━━━ Given records ━━━
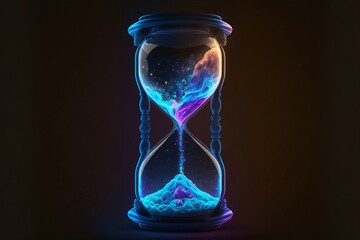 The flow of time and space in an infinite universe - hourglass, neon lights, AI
━━━
━━━ Given records ━━━
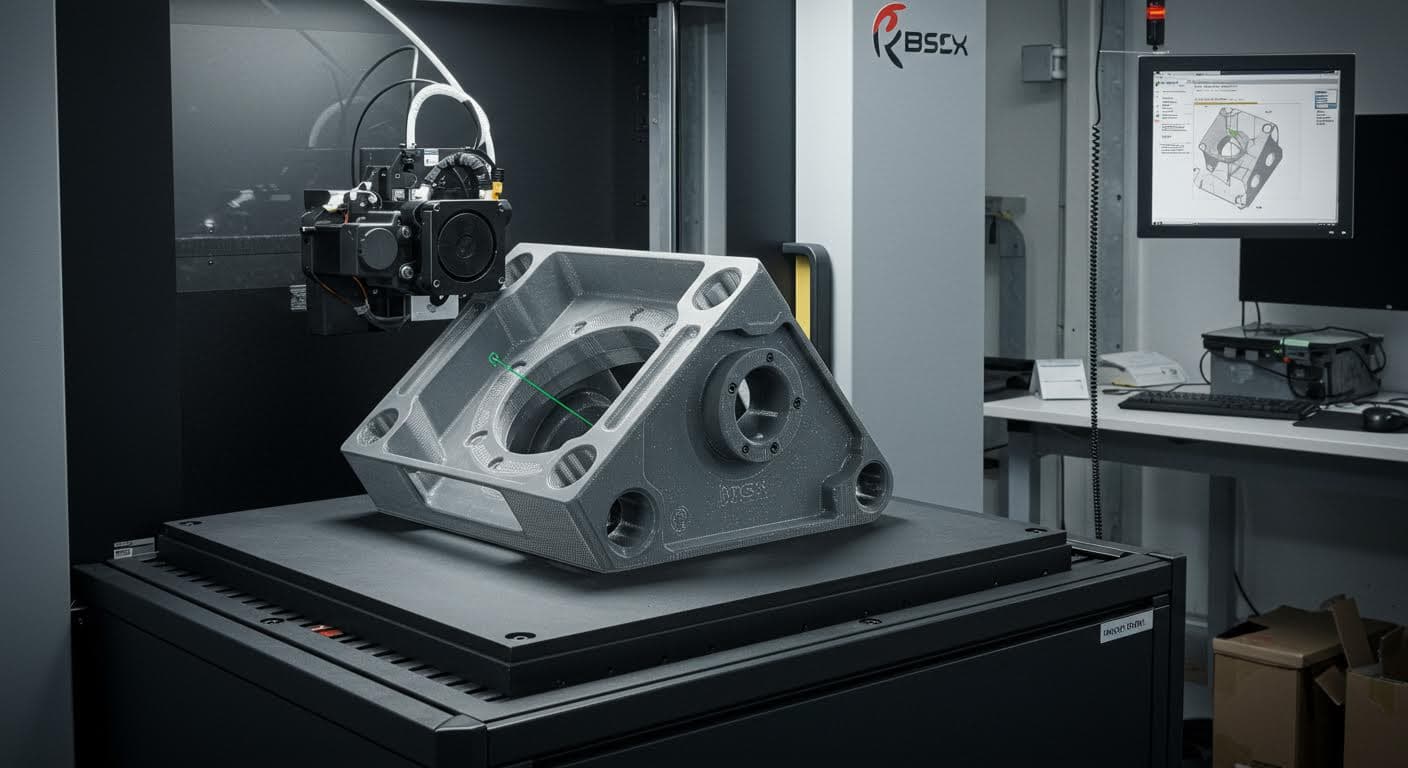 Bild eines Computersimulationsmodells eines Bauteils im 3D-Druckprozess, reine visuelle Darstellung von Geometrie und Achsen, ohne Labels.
━━━
━━━ Given records ━━━
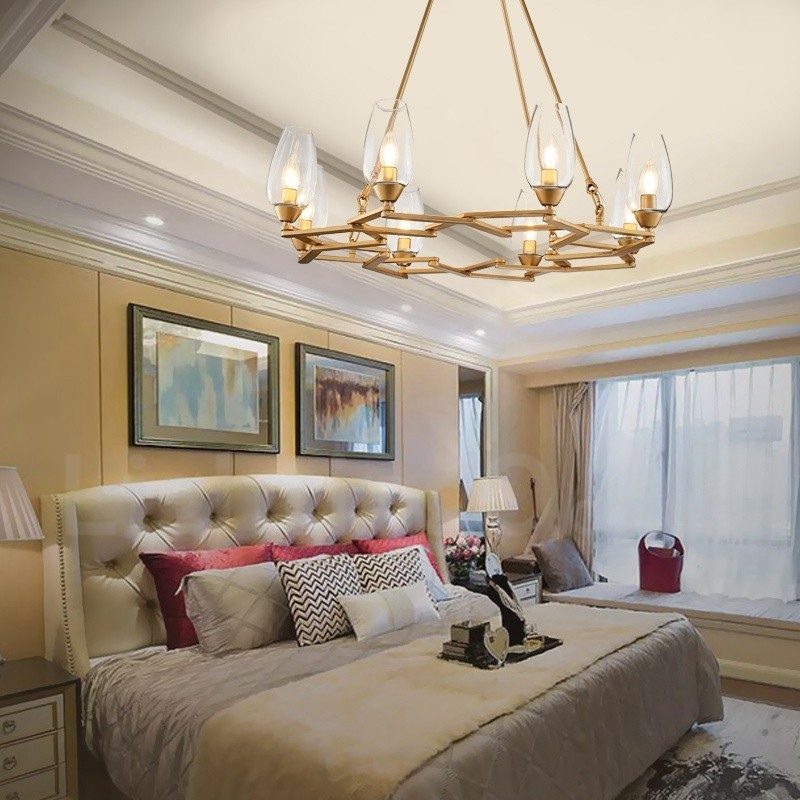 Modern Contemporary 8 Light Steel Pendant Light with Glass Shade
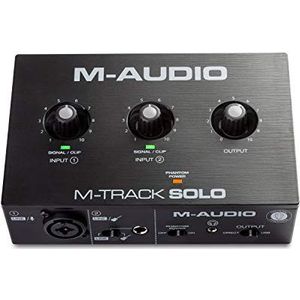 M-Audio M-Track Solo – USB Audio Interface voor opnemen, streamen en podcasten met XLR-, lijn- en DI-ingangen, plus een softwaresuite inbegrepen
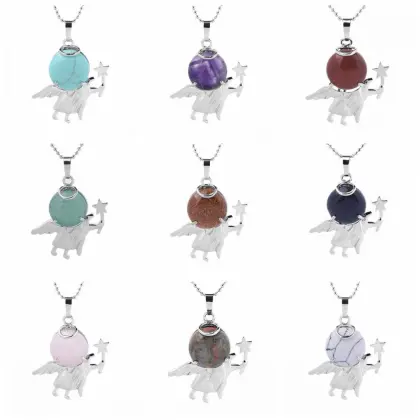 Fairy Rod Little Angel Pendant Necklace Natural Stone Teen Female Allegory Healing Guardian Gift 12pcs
━━━
__Description of the task__. Would you set down only the lines above from the line with "M-Audio M-Track Solo" to the line with "Fairy Rod Little", both included, exactly as they stand and without the pictures?

__Expected answer__.
 M-Audio M-Track Solo – USB Audio Interface voor opnemen, streamen en podcasten met XLR-, lijn- en DI-ingangen, plus een softwaresuite inbegrepen
 Fairy Rod Little Angel Pendant Necklace Natural Stone Teen Female Allegory Healing Guardian Gift 12pcs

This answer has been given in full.